In the film, the most significant expression of this sort of phenomenon involves comedian Gilbert Gottfried. We are shown the recorded footage of Gottfried’s performance at a roast that was held shortly after the events of September 11 in honor of pornography mogul Hugh Hefner. This is the emotional centerpiece of the film.

Gottfried’s joke about his flight being delayed for a stop at the Empire State Building was received with hostility by the audience. “Too soon!” someone yelled angrily. Thus rebuffed, rather than apologize or fall back on less controversial material, Gottfried launched into a no-holds-barred performance of “the aristocrats” joke. This unexpected turn triggered a sort of cathartic reaction from the audience. It is here that the film consciously and with some success reveals the broader significance not of a single joke, but of profanity as a form of rebellion against unthinking deference to arbitrary and dubious norms, and ultimately against authority.

Ultimately, the film seems to suggest, there is somethingvaluable about exploring and expressing the most sordid depths of the imagination. It is important to point out, however, that if, on the one hand, “popular” profanity can be thought of as a form of opposition against stifling cultural norms, and even against a particular political regime, it remains a most primitive form of opposition.

In the same way as the Luddites attempted to smash the first products of capitalism, “popular” profanity reacts against the limits of bourgeois culture not by attempting to absorb the best of it before transcending it, but by reveling in inherited social backwardness and in fact elevating it to a higher, self-sufficient and self-satisfied norm. Ultimately it represents a denial of the need for a process of collective education and maturation—a denial that historically has had disastrous consequences. Moreover, from Belli to Gottfried, in most instances “popular” profanity is far from a direct and unmediated expression of popular sensibilities, but instead a sort of reproduction of it offered by a different social layer. It is in this sense, for example, that Trotsky insisted in the early 1920s on the need to fight against both specific forms of popular backwardness, and the official sanction of them.

To show the limits of this phenomenon as a form of opposition, Belli’s case is particularly instructive. After years of acting anonymously as a thorn in the side of the clerical regime, when a revolution finally threatened to overthrow it (the Roman Republic, which was the most important if fleeting manifestation of the failed 1848-49 revolutions in Italy), Belli welcomed its failure. He eventually got a job as a censor in the bureaucracy of the restored papal state, and begged his son to burn all his poems as it would jeopardize his career.

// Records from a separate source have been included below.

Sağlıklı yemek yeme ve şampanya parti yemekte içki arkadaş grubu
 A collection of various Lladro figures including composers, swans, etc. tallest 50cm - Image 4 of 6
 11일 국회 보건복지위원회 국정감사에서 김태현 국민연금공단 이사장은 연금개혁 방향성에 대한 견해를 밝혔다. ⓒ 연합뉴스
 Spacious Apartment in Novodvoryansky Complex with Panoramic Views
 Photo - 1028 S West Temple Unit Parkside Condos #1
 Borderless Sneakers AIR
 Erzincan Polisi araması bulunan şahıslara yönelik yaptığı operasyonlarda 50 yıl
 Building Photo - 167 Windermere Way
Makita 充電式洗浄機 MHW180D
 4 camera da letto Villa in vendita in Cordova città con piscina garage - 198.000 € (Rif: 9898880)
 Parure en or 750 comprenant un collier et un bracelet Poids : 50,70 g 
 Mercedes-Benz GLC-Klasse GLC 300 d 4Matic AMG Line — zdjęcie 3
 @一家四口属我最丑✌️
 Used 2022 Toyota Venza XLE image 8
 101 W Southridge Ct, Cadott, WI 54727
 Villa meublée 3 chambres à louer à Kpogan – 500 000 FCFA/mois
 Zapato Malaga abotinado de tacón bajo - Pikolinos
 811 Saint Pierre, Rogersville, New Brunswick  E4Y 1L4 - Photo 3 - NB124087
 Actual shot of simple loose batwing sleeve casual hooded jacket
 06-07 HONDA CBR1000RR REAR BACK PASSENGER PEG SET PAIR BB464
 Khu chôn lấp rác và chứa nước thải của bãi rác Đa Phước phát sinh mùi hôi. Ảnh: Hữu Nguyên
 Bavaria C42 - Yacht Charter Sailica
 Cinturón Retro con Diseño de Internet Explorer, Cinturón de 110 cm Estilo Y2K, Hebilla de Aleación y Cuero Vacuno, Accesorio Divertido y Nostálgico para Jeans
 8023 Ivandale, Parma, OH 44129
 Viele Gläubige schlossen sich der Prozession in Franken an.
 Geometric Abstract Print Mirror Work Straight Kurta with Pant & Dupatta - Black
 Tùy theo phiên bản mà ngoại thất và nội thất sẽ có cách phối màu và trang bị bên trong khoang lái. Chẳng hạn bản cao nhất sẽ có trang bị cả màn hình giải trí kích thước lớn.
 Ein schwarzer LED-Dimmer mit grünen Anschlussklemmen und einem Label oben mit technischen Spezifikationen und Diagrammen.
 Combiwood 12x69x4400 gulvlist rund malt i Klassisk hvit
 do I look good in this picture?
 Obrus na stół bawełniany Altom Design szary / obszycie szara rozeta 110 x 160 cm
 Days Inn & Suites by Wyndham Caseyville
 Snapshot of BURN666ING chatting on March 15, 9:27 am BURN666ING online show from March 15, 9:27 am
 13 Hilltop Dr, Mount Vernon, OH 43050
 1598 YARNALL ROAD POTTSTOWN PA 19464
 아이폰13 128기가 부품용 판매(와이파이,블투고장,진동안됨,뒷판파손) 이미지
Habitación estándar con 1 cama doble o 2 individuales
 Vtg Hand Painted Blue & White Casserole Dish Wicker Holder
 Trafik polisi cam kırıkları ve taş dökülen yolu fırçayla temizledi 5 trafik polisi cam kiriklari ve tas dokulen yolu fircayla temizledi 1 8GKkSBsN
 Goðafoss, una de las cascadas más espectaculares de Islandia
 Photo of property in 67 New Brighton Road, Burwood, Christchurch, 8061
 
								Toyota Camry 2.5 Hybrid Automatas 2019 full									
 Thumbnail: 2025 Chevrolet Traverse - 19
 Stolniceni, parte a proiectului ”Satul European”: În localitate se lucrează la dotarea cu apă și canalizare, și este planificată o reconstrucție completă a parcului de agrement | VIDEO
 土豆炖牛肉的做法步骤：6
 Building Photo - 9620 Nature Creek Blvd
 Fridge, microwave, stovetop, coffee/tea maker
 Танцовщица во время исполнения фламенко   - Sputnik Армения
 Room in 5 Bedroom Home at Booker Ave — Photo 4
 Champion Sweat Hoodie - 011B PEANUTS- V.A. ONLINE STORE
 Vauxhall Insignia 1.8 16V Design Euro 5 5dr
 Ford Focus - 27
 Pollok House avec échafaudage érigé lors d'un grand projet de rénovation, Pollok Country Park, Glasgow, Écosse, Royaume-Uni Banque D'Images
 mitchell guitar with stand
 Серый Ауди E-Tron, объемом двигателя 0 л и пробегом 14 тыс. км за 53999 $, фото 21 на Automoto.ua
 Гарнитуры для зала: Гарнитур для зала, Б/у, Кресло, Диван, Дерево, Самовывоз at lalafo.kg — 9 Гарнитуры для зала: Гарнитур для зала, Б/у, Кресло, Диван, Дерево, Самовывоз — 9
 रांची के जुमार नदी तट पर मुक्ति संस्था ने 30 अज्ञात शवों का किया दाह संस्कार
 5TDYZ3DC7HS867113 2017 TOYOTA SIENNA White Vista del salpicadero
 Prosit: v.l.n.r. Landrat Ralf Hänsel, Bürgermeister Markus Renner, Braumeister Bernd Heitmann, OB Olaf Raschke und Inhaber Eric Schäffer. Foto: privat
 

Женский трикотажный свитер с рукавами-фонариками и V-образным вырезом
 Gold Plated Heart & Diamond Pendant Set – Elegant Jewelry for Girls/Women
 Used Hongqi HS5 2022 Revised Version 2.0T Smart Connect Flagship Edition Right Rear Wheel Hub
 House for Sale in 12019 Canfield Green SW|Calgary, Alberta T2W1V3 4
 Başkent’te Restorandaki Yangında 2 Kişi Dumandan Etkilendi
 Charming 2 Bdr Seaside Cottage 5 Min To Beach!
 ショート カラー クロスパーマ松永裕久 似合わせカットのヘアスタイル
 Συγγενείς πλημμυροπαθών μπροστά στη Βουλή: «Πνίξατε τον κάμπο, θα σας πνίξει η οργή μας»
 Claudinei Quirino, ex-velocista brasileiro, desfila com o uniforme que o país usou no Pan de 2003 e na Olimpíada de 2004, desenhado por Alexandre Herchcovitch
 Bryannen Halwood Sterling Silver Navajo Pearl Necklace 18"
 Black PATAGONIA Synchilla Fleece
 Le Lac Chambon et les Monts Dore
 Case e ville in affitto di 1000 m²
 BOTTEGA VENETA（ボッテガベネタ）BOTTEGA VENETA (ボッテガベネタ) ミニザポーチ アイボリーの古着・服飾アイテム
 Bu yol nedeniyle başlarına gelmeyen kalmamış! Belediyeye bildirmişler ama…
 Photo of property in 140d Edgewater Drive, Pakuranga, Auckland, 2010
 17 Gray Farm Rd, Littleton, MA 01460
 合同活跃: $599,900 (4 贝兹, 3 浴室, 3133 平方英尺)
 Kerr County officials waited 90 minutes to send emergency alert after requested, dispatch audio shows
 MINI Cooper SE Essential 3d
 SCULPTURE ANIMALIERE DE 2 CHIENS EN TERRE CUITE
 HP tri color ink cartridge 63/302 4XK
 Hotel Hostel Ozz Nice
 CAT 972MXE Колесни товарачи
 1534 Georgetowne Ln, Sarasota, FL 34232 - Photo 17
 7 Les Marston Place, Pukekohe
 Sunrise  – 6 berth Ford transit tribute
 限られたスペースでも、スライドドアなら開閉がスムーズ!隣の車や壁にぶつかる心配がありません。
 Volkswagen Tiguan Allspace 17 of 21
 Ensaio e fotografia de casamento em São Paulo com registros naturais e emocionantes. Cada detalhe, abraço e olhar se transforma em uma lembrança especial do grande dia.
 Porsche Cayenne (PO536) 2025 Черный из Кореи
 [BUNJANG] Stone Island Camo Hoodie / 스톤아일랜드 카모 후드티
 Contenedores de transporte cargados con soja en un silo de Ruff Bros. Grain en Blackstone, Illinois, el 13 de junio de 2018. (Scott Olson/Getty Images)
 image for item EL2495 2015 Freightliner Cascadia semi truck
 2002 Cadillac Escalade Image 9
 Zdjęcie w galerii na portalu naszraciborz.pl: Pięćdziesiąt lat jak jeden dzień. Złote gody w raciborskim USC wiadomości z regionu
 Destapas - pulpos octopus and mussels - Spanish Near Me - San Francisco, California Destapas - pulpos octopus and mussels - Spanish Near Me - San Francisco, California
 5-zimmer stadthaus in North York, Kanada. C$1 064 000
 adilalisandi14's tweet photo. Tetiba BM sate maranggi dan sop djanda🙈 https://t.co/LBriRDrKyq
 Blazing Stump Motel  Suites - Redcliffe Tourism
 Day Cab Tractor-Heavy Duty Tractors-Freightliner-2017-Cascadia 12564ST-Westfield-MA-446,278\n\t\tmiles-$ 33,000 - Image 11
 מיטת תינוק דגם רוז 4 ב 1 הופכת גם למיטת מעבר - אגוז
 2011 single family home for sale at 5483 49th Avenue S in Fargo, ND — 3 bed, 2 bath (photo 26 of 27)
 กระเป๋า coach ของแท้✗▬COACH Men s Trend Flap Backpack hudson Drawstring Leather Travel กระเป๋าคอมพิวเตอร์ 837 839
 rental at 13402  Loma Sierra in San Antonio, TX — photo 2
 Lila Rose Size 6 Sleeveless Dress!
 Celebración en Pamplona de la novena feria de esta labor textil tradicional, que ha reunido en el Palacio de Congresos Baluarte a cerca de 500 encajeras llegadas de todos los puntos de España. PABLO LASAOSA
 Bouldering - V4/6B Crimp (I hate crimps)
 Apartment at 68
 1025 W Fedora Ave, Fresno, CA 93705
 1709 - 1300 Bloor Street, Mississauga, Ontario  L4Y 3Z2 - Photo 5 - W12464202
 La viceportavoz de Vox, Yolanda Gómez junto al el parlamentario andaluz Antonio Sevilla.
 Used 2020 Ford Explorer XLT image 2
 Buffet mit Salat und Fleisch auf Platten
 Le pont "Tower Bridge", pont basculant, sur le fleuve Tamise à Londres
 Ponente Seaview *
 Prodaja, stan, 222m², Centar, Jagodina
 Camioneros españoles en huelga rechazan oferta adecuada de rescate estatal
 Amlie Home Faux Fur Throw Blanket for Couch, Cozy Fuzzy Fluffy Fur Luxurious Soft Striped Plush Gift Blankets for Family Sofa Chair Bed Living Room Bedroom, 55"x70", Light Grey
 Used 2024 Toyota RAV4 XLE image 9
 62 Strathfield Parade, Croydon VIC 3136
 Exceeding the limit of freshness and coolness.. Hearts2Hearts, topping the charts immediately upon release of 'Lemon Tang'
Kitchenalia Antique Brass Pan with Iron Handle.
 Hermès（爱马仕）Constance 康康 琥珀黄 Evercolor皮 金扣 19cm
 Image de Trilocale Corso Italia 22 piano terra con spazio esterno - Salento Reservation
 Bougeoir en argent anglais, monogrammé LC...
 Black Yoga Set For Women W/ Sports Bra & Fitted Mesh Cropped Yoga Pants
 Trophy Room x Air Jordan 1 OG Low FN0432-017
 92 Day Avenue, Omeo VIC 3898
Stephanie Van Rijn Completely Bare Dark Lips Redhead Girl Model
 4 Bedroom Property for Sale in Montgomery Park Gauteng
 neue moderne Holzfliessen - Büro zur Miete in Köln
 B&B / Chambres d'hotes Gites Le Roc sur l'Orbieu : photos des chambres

Similarly, the significance of Gottfried’s performance is far from unambiguous. Perhaps in Gottfried’s mind telling “the aristocrats” joke after being chastised for making fun of 9/11 was a way of upping the ante. Certainly this is the interpretation favored by the film. However, by shifting the terrain of his performance from a political terrain to sheer profanity, one could argue that Gottfried actually capitulated, choosing the path of least resistance while preserving his irreverent image. The significance of The Aristocrats as a film is subject to the same ambiguity.